Mechanism of formic acid decomposition over dehydrogenation catalysts

Abstract

The mechanism of dehydrogenation of formic acid over zinc oxide and magesium oxide was studied by adsorption measurements and the infra-red technique during the course of the decomposition. The acid was absorbed into the bulk of the oxides to form metal formate and water, and the subsequent decomposition proceeds over the formate surface. Consequently, no differences in the reaction order and the catalytic activity were observed in the decomposition over oxide and formate catalysts.

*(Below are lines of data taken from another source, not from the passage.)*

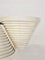 A809 Floor Lamp by Alvar Aalto for Lighting Work, 1960s 12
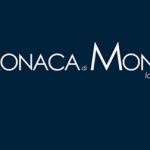 la_monaca_di_monza_cover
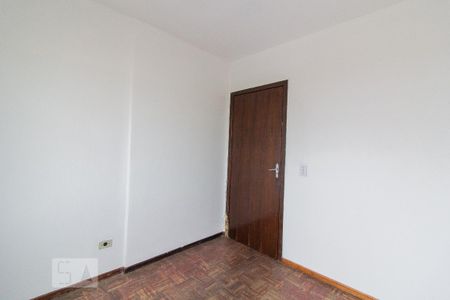 Quarto 2 de apartamento para alugar com 2 quartos, 50m² em Centro, Curitiba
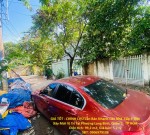 GIÁ TỐT - CHÍNH CHỦ Cần Bán Nhanh Căn Nhà  Cấp 4 Tiện Xây Mới Vị Trí Tại Quận 9, TP Hồ Chí Minh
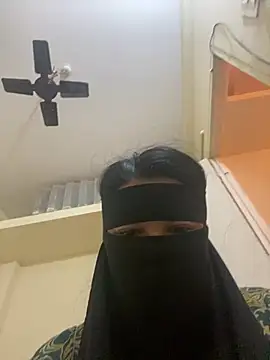 sara   fun online show from 01/12/26, 08:19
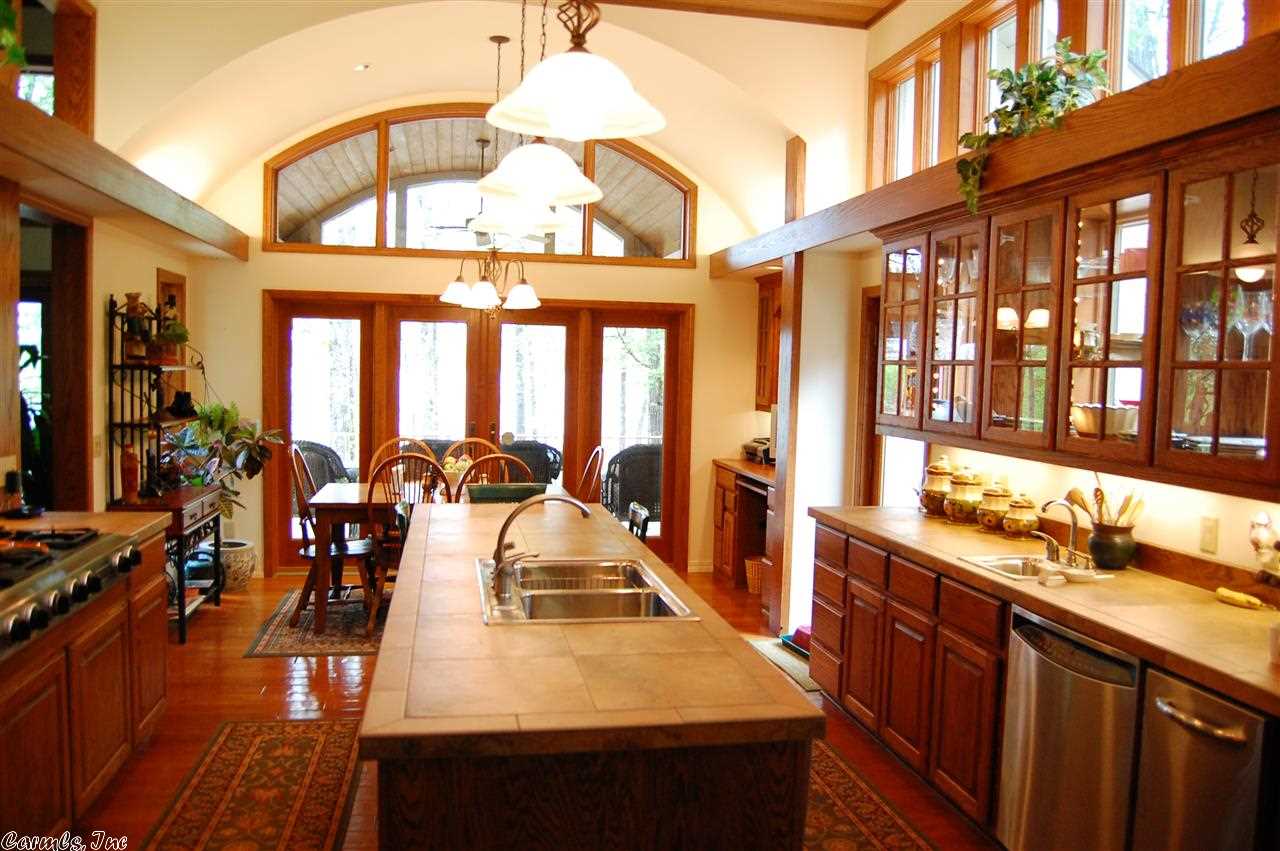 Pointe One Estates - Residential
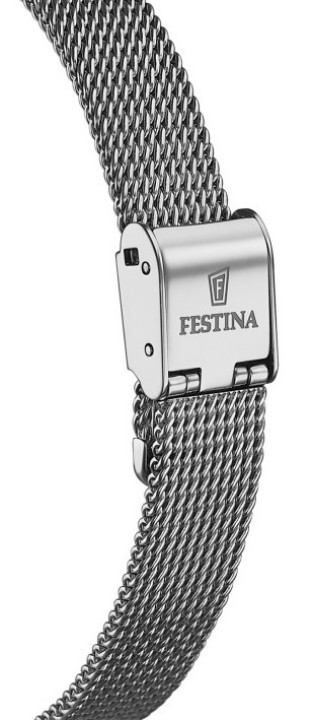 Obrázok z Festina Mademoiselle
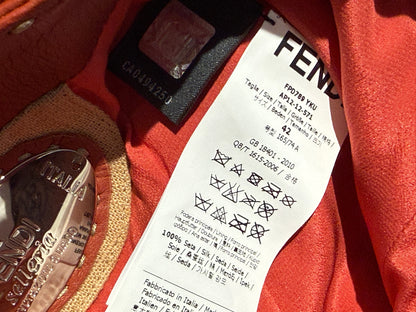 Fendi_Selleria_graind_leither_suit_14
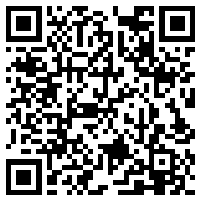 QR Code for bitcoin:bitcoin:bitcoin:bitcoin:3D8xp39zAD1ne11JAFuo7MTDAEXPqNHvwq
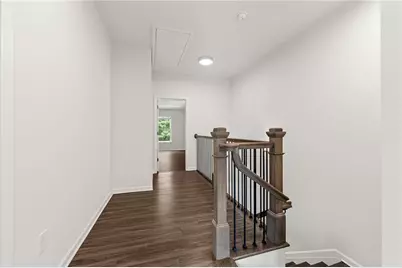 1165 Rambler Cross, Atlanta, GA 30312 - Photo 20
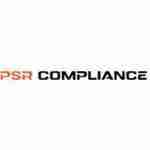 PSR Compliance Profile Picture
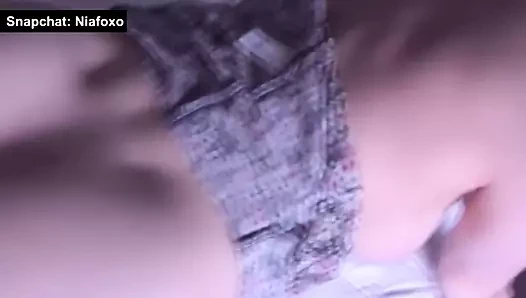 Tatlı sabırlı adım anne daha uzun süre dayanmanıza yardımcı olur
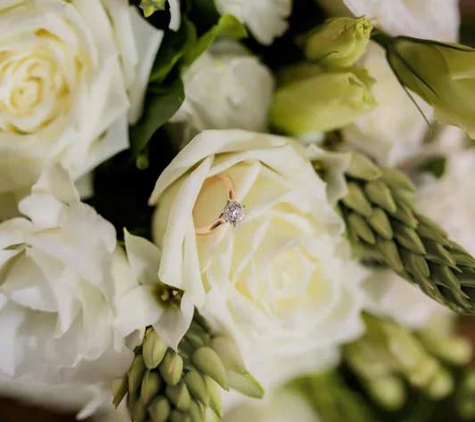 Watsons Jewellers - Launceston, TAS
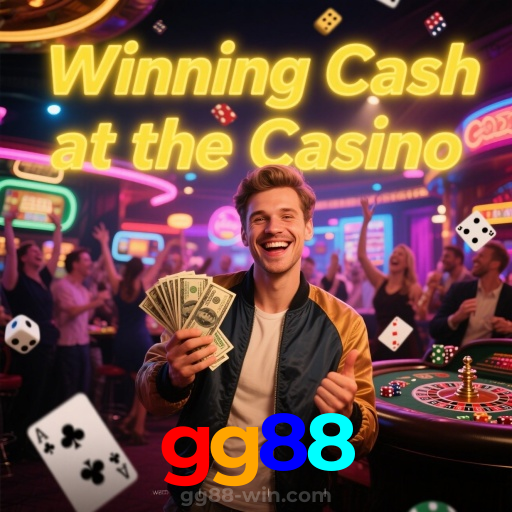 gg88：O cassino online mais seguro para apostar no futebol e jogar blackjack!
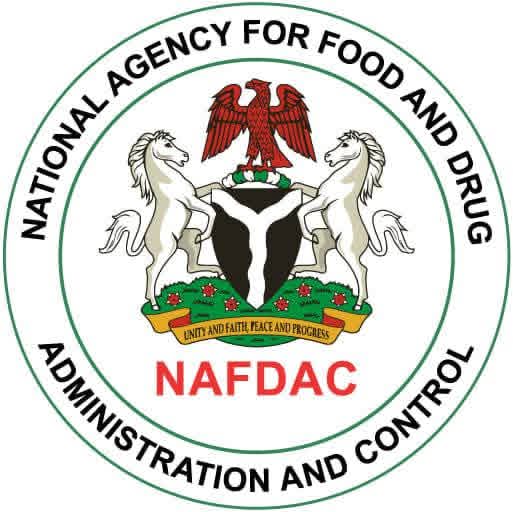 NAFDAC Flags Three Unsafe Supplements, Warns Nigerians to Stay Away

The decomposition of, and the exchange reaction with, DCOOD over Zn(HCOO)₂ revealed that it is only the formate ion on the surface which participates in the decomposition and exchange reaction. Also, the hydrogen produced from the decomposition of HCOOD was solely HD, no H₂ nor D₂ being involved. The rate does not depend upon the pressure of formic acid, and if formic acid is condensed out of the ambient gas, the evolution of hydrogen ceased, but the rate of evolution of carbon dioxide remained constant. It was concluded that the decomposition proceeds via the surface formate ion; carbon dioxide is evolved via the decomposition of formate ion on the surface, and hydrogen atom remaining on the surface is then attacked by a formic acid molecule to produce molecular hydrogen and leaves the formate ion on the surface.